EXERCISE BRIEF:
Nothing in the data should be left out or altered when it is retyped.

STORED DATA:
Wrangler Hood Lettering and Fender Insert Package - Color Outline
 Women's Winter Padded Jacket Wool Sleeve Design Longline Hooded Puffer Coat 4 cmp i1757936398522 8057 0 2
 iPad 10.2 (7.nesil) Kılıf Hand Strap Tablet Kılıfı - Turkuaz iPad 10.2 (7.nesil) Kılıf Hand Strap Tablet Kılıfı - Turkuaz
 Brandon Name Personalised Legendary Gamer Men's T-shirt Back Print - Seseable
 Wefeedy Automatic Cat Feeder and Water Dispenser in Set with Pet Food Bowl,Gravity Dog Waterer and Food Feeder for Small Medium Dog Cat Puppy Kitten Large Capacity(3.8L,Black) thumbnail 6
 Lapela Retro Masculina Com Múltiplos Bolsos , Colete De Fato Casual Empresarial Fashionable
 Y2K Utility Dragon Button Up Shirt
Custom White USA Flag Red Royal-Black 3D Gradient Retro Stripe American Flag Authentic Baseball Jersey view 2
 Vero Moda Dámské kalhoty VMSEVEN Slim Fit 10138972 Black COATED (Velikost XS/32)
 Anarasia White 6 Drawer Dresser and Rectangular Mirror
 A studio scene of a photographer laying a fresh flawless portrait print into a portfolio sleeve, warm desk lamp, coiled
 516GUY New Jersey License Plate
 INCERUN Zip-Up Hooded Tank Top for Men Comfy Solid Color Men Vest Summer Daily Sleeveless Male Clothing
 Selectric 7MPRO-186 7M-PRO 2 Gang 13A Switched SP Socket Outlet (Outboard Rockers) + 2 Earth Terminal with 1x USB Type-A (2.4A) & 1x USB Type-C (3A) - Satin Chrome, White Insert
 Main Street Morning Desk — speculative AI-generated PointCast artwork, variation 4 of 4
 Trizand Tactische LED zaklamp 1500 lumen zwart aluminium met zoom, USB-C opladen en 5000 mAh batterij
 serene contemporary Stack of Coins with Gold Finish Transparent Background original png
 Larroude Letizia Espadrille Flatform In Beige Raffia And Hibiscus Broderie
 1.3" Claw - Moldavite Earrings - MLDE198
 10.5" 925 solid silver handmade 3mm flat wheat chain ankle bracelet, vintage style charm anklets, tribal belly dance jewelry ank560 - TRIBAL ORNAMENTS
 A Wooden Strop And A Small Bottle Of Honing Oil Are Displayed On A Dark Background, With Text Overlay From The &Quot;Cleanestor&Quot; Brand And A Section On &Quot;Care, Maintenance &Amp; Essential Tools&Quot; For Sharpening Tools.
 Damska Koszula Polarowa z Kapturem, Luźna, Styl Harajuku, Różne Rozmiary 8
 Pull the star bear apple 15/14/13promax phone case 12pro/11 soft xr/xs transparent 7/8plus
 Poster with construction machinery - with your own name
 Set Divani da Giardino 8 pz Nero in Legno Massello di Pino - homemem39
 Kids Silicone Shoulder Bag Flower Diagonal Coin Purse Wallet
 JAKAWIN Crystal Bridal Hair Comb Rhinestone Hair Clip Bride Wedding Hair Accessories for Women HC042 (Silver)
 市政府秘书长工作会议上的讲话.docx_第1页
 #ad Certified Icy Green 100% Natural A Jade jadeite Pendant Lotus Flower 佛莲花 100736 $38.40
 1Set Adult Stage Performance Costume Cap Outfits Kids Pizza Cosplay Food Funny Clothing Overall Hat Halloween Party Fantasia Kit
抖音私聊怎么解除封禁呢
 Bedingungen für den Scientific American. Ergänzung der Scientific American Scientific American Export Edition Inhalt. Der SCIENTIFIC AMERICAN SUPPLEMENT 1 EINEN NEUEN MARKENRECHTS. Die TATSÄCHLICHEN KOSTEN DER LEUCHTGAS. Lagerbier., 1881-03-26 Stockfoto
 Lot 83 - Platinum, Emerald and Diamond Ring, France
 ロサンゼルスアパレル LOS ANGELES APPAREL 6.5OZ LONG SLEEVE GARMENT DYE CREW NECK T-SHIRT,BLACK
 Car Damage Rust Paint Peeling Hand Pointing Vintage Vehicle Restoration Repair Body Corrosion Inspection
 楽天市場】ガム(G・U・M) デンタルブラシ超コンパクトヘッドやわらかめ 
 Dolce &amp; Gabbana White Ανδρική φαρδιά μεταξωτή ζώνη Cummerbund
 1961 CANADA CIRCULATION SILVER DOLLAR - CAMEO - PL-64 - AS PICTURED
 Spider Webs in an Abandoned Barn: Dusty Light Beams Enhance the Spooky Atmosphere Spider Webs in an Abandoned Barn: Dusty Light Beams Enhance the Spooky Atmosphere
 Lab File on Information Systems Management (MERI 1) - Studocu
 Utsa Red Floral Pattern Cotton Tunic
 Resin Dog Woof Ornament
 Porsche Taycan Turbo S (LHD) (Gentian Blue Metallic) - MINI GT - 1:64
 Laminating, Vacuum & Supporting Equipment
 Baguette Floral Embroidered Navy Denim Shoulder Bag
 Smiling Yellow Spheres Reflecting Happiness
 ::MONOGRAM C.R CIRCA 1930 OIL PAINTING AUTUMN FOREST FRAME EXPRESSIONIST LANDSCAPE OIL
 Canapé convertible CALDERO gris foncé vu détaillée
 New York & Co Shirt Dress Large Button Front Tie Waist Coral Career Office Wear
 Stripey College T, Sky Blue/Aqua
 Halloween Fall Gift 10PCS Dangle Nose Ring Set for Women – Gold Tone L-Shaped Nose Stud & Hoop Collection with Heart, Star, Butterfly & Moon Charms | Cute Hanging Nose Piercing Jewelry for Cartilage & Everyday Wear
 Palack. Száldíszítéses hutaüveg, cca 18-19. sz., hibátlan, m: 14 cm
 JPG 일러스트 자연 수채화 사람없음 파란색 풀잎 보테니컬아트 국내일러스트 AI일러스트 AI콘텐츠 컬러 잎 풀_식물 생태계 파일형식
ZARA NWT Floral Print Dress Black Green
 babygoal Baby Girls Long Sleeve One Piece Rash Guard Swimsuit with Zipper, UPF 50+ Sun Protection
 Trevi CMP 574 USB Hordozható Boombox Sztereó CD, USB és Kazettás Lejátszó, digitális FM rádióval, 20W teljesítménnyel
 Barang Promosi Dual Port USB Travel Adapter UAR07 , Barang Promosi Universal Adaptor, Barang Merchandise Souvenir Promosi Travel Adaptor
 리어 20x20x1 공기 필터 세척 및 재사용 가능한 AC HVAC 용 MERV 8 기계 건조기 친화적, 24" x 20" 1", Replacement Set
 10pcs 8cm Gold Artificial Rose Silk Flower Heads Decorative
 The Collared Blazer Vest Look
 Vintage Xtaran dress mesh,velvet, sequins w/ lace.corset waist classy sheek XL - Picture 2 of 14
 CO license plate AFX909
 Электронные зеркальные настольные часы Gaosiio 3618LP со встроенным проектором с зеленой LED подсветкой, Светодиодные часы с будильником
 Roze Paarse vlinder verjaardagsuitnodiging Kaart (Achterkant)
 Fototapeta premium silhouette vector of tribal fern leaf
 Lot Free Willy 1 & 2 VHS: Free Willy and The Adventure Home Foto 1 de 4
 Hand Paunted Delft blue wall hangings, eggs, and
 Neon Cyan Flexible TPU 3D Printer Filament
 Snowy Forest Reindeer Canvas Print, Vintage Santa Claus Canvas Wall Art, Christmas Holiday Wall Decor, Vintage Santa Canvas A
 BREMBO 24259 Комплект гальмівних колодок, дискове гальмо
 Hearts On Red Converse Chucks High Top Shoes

COMPLETED TASK:
Wrangler Hood Lettering and Fender Insert Package - Color Outline
 Women's Winter Padded Jacket Wool Sleeve Design Longline Hooded Puffer Coat 4 cmp i1757936398522 8057 0 2
 iPad 10.2 (7.nesil) Kılıf Hand Strap Tablet Kılıfı - Turkuaz iPad 10.2 (7.nesil) Kılıf Hand Strap Tablet Kılıfı - Turkuaz
 Brandon Name Personalised Legendary Gamer Men's T-shirt Back Print - Seseable
 Wefeedy Automatic Cat Feeder and Water Dispenser in Set with Pet Food Bowl,Gravity Dog Waterer and Food Feeder for Small Medium Dog Cat Puppy Kitten Large Capacity(3.8L,Black) thumbnail 6
 Lapela Retro Masculina Com Múltiplos Bolsos , Colete De Fato Casual Empresarial Fashionable
 Y2K Utility Dragon Button Up Shirt
Custom White USA Flag Red Royal-Black 3D Gradient Retro Stripe American Flag Authentic Baseball Jersey view 2
 Vero Moda Dámské kalhoty VMSEVEN Slim Fit 10138972 Black COATED (Velikost XS/32)
 Anarasia White 6 Drawer Dresser and Rectangular Mirror
 A studio scene of a photographer laying a fresh flawless portrait print into a portfolio sleeve, warm desk lamp, coiled
 516GUY New Jersey License Plate
 INCERUN Zip-Up Hooded Tank Top for Men Comfy Solid Color Men Vest Summer Daily Sleeveless Male Clothing
 Selectric 7MPRO-186 7M-PRO 2 Gang 13A Switched SP Socket Outlet (Outboard Rockers) + 2 Earth Terminal with 1x USB Type-A (2.4A) & 1x USB Type-C (3A) - Satin Chrome, White Insert
 Main Street Morning Desk — speculative AI-generated PointCast artwork, variation 4 of 4
 Trizand Tactische LED zaklamp 1500 lumen zwart aluminium met zoom, USB-C opladen en 5000 mAh batterij
 serene contemporary Stack of Coins with Gold Finish Transparent Background original png
 Larroude Letizia Espadrille Flatform In Beige Raffia And Hibiscus Broderie
 1.3" Claw - Moldavite Earrings - MLDE198
 10.5" 925 solid silver handmade 3mm flat wheat chain ankle bracelet, vintage style charm anklets, tribal belly dance jewelry ank560 - TRIBAL ORNAMENTS
 A Wooden Strop And A Small Bottle Of Honing Oil Are Displayed On A Dark Background, With Text Overlay From The &Quot;Cleanestor&Quot; Brand And A Section On &Quot;Care, Maintenance &Amp; Essential Tools&Quot; For Sharpening Tools.
 Damska Koszula Polarowa z Kapturem, Luźna, Styl Harajuku, Różne Rozmiary 8
 Pull the star bear apple 15/14/13promax phone case 12pro/11 soft xr/xs transparent 7/8plus
 Poster with construction machinery - with your own name
 Set Divani da Giardino 8 pz Nero in Legno Massello di Pino - homemem39
 Kids Silicone Shoulder Bag Flower Diagonal Coin Purse Wallet
 JAKAWIN Crystal Bridal Hair Comb Rhinestone Hair Clip Bride Wedding Hair Accessories for Women HC042 (Silver)
 市政府秘书长工作会议上的讲话.docx_第1页
 #ad Certified Icy Green 100% Natural A Jade jadeite Pendant Lotus Flower 佛莲花 100736 $38.40
 1Set Adult Stage Performance Costume Cap Outfits Kids Pizza Cosplay Food Funny Clothing Overall Hat Halloween Party Fantasia Kit
抖音私聊怎么解除封禁呢
 Bedingungen für den Scientific American. Ergänzung der Scientific American Scientific American Export Edition Inhalt. Der SCIENTIFIC AMERICAN SUPPLEMENT 1 EINEN NEUEN MARKENRECHTS. Die TATSÄCHLICHEN KOSTEN DER LEUCHTGAS. Lagerbier., 1881-03-26 Stockfoto
 Lot 83 - Platinum, Emerald and Diamond Ring, France
 ロサンゼルスアパレル LOS ANGELES APPAREL 6.5OZ LONG SLEEVE GARMENT DYE CREW NECK T-SHIRT,BLACK
 Car Damage Rust Paint Peeling Hand Pointing Vintage Vehicle Restoration Repair Body Corrosion Inspection
 楽天市場】ガム(G・U・M) デンタルブラシ超コンパクトヘッドやわらかめ 
 Dolce &amp; Gabbana White Ανδρική φαρδιά μεταξωτή ζώνη Cummerbund
 1961 CANADA CIRCULATION SILVER DOLLAR - CAMEO - PL-64 - AS PICTURED
 Spider Webs in an Abandoned Barn: Dusty Light Beams Enhance the Spooky Atmosphere Spider Webs in an Abandoned Barn: Dusty Light Beams Enhance the Spooky Atmosphere
 Lab File on Information Systems Management (MERI 1) - Studocu
 Utsa Red Floral Pattern Cotton Tunic
 Resin Dog Woof Ornament
 Porsche Taycan Turbo S (LHD) (Gentian Blue Metallic) - MINI GT - 1:64
 Laminating, Vacuum & Supporting Equipment
 Baguette Floral Embroidered Navy Denim Shoulder Bag
 Smiling Yellow Spheres Reflecting Happiness
 ::MONOGRAM C.R CIRCA 1930 OIL PAINTING AUTUMN FOREST FRAME EXPRESSIONIST LANDSCAPE OIL
 Canapé convertible CALDERO gris foncé vu détaillée
 New York & Co Shirt Dress Large Button Front Tie Waist Coral Career Office Wear
 Stripey College T, Sky Blue/Aqua
 Halloween Fall Gift 10PCS Dangle Nose Ring Set for Women – Gold Tone L-Shaped Nose Stud & Hoop Collection with Heart, Star, Butterfly & Moon Charms | Cute Hanging Nose Piercing Jewelry for Cartilage & Everyday Wear
 Palack. Száldíszítéses hutaüveg, cca 18-19. sz., hibátlan, m: 14 cm
 JPG 일러스트 자연 수채화 사람없음 파란색 풀잎 보테니컬아트 국내일러스트 AI일러스트 AI콘텐츠 컬러 잎 풀_식물 생태계 파일형식
ZARA NWT Floral Print Dress Black Green
 babygoal Baby Girls Long Sleeve One Piece Rash Guard Swimsuit with Zipper, UPF 50+ Sun Protection
 Trevi CMP 574 USB Hordozható Boombox Sztereó CD, USB és Kazettás Lejátszó, digitális FM rádióval, 20W teljesítménnyel
 Barang Promosi Dual Port USB Travel Adapter UAR07 , Barang Promosi Universal Adaptor, Barang Merchandise Souvenir Promosi Travel Adaptor
 리어 20x20x1 공기 필터 세척 및 재사용 가능한 AC HVAC 용 MERV 8 기계 건조기 친화적, 24" x 20" 1", Replacement Set
 10pcs 8cm Gold Artificial Rose Silk Flower Heads Decorative
 The Collared Blazer Vest Look
 Vintage Xtaran dress mesh,velvet, sequins w/ lace.corset waist classy sheek XL - Picture 2 of 14
 CO license plate AFX909
 Электронные зеркальные настольные часы Gaosiio 3618LP со встроенным проектором с зеленой LED подсветкой, Светодиодные часы с будильником
 Roze Paarse vlinder verjaardagsuitnodiging Kaart (Achterkant)
 Fototapeta premium silhouette vector of tribal fern leaf
 Lot Free Willy 1 & 2 VHS: Free Willy and The Adventure Home Foto 1 de 4
 Hand Paunted Delft blue wall hangings, eggs, and
 Neon Cyan Flexible TPU 3D Printer Filament
 Snowy Forest Reindeer Canvas Print, Vintage Santa Claus Canvas Wall Art, Christmas Holiday Wall Decor, Vintage Santa Canvas A
 BREMBO 24259 Комплект гальмівних колодок, дискове гальмо
 Hearts On Red Converse Chucks High Top Shoes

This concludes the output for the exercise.